When I was younger and went to summer camp, we used to play this game where we’d each begin writing a story on our own. We’d only write a few lines, and the counselors would have us switch papers. Our job was to read the last line written by the person before us and continue the story with only that previous line of knowledge. I’ll just say it: I hated this game. I always had a vision for my story. I knew where I wanted it to go, I knew how I anticipated moving the plot along, and no one who continued my story ever seemed to share that vision.
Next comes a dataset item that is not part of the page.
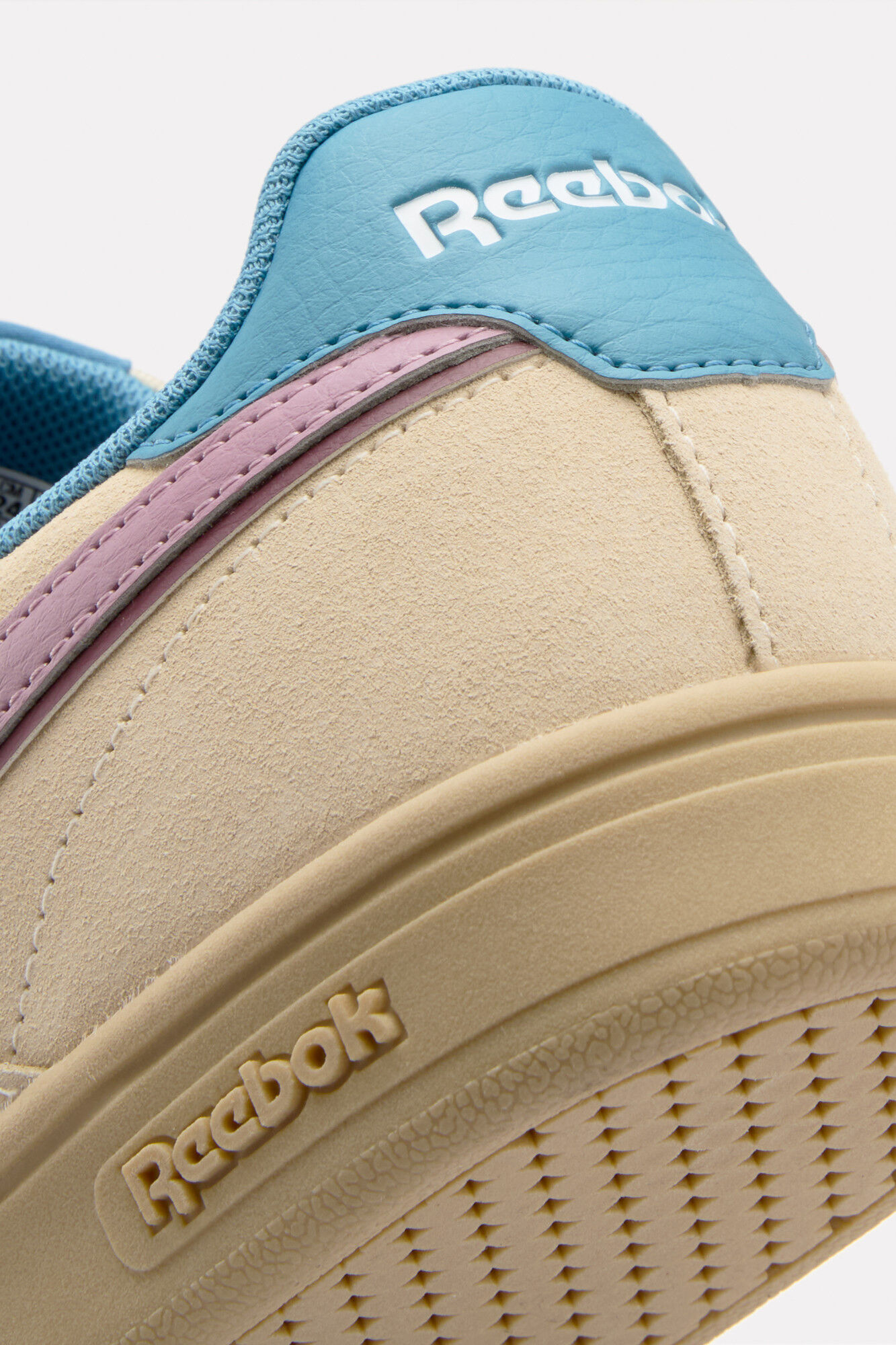 Reebok Sapatilhas Court Retro bege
Of course the goal of the game wasn’t to create the perfect story. When the stories were completed, we usually ended up with silly, nonsensical (sometimes incomprehensible) plots. But the activity leader usually shared a lesson at the end, reminding us that when we write full stories on our own, they’re only from our perspective. Doing it this way as a group may not make much narrative sense, but it’s definitely a way to see things from someone else’s point of view. In a way, it’s a model of society. Your personal story overlaps with people you come in contact with, meaning we’re constantly adding plot points and continuing each other’s story.
The Torah, which we read as our core story, has a bit of this element to it. While, for traditional purposes, the Torah is taken to be the word of God, I hold the belief that it is divinely inspired and humanly interpreted. God inspired it, “spoke” it to Moses, and Moses transcribed it to share with the rest of us. In our Torah portion a few weeks back, when the Israelites received the 10 Commandments, they heard God’s voice and couldn’t bear the intensity, so they needed Moses to be a go-between with them and with God. This partnership continues to hold true in Parshat Ki Tissa this week.
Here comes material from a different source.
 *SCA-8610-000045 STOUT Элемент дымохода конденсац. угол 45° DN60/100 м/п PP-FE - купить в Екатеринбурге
In this week’s Torah portion, Ki Tissa, we receive that next set of rules to help create this successful society. There are rules for giving, rules for receiving, and rules for counting and being counted. The text ends with the incident of the Golden Calf and the Israelites navigating what it means to transfer leadership and have faith.
The text is full of so many fascinating events. In particular, one climactic moment in this text is when Moses gets so angry at the Israelite nation that he smashes the original tablets. While this is often a memorable moment of the portion, there’s one aspect that may not be as familiar. Those original tablets, the ones Moses smashes, were given to Moses from God completed. In other words, they were carved and inscribed by God, then handed down to Moses and the people. It wasn’t a collaborative effort; it was decisively individual, if you can call God individual.
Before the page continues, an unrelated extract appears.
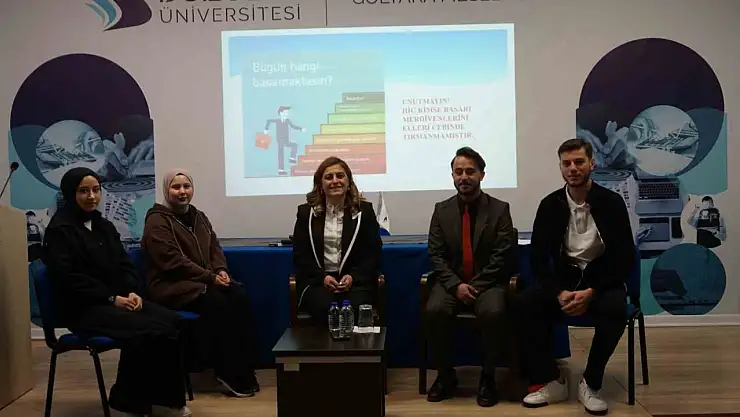 Aygün öğrencilere halkla ilişkileri anlattı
However, after Moses smashes the tablets, God asks him to create a new set. And for this new set, Moses carves the structure of the tablets first, and then God inscribes them with the mitzvot. It becomes a joint law making effort between humankind and the divine. This time the tablets, the material used to carry the message, are made by an imperfect human being, rather than a perfect deity. In this way, the rules written on them also become more human, more tangible, and more collaborative.
It’s hard to let go of your own story, your own vision. Even so, the Torah teaches us that when we work in partnership, our efforts are stronger and last longer. When we work together, we strengthen one another, and the product of our community is so much richer for it.